• **Task to carry out**: Please print the full listing exactly.

• **Input for this task**:
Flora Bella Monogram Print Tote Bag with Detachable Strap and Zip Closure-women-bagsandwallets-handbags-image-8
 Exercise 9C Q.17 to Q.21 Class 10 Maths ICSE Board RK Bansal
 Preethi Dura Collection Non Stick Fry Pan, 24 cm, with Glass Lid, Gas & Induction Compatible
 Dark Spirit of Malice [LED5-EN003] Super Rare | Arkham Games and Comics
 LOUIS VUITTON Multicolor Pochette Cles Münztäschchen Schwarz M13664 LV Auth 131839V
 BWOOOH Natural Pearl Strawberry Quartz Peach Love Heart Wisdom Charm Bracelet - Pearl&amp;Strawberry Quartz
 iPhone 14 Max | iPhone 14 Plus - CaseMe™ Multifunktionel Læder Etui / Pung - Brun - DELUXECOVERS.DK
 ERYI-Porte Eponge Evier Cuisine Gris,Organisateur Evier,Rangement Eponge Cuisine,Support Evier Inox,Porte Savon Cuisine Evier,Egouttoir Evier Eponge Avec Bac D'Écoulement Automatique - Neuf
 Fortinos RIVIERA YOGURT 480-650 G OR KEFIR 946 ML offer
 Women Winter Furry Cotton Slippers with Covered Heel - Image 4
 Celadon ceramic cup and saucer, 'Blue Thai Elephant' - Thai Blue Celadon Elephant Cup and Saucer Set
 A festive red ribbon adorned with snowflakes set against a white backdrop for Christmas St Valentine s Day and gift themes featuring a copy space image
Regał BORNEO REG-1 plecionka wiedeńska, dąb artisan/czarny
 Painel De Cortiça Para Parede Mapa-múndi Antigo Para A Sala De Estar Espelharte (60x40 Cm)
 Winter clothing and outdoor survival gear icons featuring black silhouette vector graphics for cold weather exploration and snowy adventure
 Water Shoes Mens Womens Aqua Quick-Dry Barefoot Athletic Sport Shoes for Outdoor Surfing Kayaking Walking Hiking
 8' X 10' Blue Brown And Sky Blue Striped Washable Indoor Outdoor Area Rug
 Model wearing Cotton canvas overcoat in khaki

• **Solution for this exercise**:
Flora Bella Monogram Print Tote Bag with Detachable Strap and Zip Closure-women-bagsandwallets-handbags-image-8
 Exercise 9C Q.17 to Q.21 Class 10 Maths ICSE Board RK Bansal
 Preethi Dura Collection Non Stick Fry Pan, 24 cm, with Glass Lid, Gas & Induction Compatible
 Dark Spirit of Malice [LED5-EN003] Super Rare | Arkham Games and Comics
 LOUIS VUITTON Multicolor Pochette Cles Münztäschchen Schwarz M13664 LV Auth 131839V
 BWOOOH Natural Pearl Strawberry Quartz Peach Love Heart Wisdom Charm Bracelet - Pearl&amp;Strawberry Quartz
 iPhone 14 Max | iPhone 14 Plus - CaseMe™ Multifunktionel Læder Etui / Pung - Brun - DELUXECOVERS.DK
 ERYI-Porte Eponge Evier Cuisine Gris,Organisateur Evier,Rangement Eponge Cuisine,Support Evier Inox,Porte Savon Cuisine Evier,Egouttoir Evier Eponge Avec Bac D'Écoulement Automatique - Neuf
 Fortinos RIVIERA YOGURT 480-650 G OR KEFIR 946 ML offer
 Women Winter Furry Cotton Slippers with Covered Heel - Image 4
 Celadon ceramic cup and saucer, 'Blue Thai Elephant' - Thai Blue Celadon Elephant Cup and Saucer Set
 A festive red ribbon adorned with snowflakes set against a white backdrop for Christmas St Valentine s Day and gift themes featuring a copy space image
Regał BORNEO REG-1 plecionka wiedeńska, dąb artisan/czarny
 Painel De Cortiça Para Parede Mapa-múndi Antigo Para A Sala De Estar Espelharte (60x40 Cm)
 Winter clothing and outdoor survival gear icons featuring black silhouette vector graphics for cold weather exploration and snowy adventure
 Water Shoes Mens Womens Aqua Quick-Dry Barefoot Athletic Sport Shoes for Outdoor Surfing Kayaking Walking Hiking
 8' X 10' Blue Brown And Sky Blue Striped Washable Indoor Outdoor Area Rug
 Model wearing Cotton canvas overcoat in khaki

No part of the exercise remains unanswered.